I recently added a texture packager to my project that will pack a certain amount of textures into a single one, like this:
So for example this one is 582x1023 pixels in size. The goal of adding these packed textures was obviously to improve performance so I wanted to look up the optimal texture size for OpenGL (using LWJGL) textures. The things I found were that a widely supported maximum texture size seems to be 1024x1024, according to this for example. This strikes me as odd because obviously a lot of textures alone would be larger than that, so what happens with those? I am pretty sure most graphics cards support textures bigger than that. Can I reasonably expect most graphics cards to handle e.g. 4096x4096 textures (or maybe even larger than that)?
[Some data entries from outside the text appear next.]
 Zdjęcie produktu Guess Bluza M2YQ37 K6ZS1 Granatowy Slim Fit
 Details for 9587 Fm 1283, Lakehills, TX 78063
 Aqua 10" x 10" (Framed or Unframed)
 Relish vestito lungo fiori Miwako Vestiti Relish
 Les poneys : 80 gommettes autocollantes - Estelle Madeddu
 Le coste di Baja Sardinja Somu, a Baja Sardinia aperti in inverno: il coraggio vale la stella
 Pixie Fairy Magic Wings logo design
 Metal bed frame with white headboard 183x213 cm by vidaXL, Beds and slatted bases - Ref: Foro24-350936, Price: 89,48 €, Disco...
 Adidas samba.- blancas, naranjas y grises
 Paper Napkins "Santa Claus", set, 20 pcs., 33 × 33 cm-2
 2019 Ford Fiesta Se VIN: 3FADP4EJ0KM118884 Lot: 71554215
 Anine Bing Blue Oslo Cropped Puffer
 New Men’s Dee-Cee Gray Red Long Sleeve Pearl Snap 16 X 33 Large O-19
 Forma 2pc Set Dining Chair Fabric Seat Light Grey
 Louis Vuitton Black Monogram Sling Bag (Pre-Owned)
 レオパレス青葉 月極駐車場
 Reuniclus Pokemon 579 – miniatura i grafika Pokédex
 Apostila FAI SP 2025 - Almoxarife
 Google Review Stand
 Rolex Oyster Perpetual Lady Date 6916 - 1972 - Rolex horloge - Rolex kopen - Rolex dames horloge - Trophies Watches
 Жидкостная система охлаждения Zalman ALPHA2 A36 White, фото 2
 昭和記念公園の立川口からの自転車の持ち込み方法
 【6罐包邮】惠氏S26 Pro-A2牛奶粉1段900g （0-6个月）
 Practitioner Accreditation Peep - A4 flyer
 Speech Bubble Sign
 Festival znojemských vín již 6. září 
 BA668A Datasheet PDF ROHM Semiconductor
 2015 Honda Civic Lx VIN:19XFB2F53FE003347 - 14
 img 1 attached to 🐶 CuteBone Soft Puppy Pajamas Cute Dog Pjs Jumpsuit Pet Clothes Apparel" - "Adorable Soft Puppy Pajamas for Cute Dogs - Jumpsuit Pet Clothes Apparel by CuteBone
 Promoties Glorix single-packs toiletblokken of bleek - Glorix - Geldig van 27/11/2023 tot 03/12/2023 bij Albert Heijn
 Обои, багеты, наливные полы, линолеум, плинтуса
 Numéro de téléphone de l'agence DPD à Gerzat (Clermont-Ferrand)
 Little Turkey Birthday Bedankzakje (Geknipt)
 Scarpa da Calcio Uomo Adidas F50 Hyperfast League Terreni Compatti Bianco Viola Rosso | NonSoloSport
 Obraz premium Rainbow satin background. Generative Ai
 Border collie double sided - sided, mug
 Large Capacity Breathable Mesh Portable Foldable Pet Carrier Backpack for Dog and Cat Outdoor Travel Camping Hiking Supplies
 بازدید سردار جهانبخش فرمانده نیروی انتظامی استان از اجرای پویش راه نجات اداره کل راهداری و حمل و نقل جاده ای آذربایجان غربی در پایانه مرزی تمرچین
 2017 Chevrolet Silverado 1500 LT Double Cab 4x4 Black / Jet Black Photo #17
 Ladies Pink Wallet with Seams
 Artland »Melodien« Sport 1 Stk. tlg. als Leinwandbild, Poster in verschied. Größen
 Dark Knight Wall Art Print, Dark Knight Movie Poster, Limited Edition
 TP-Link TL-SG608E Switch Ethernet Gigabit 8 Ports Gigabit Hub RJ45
To come to my second point (I hope this still counts as one question, but it essentially boils down to the same issue): Should textures be sized to a power of 2 (256x256, 512x512, 1024x1024, 2048x2048, ..) and should I pad packed textures smaller than that to the next power of 2? According to this question from 2011 it is not a requirement but can improve performance and avoid minor bugs and this one from 2012 says that you definitely should pad textures. So I realize that these questions have been asked before but they are reasonably dated for the answers to have changed and further they each only partially answer my question. How do other projects / handle this?
TL;DR: What textures sizes can I expect most graphics cards to handle? What are the optimal texture sizes (or are there)? Should I pad textures width to the next power of 2?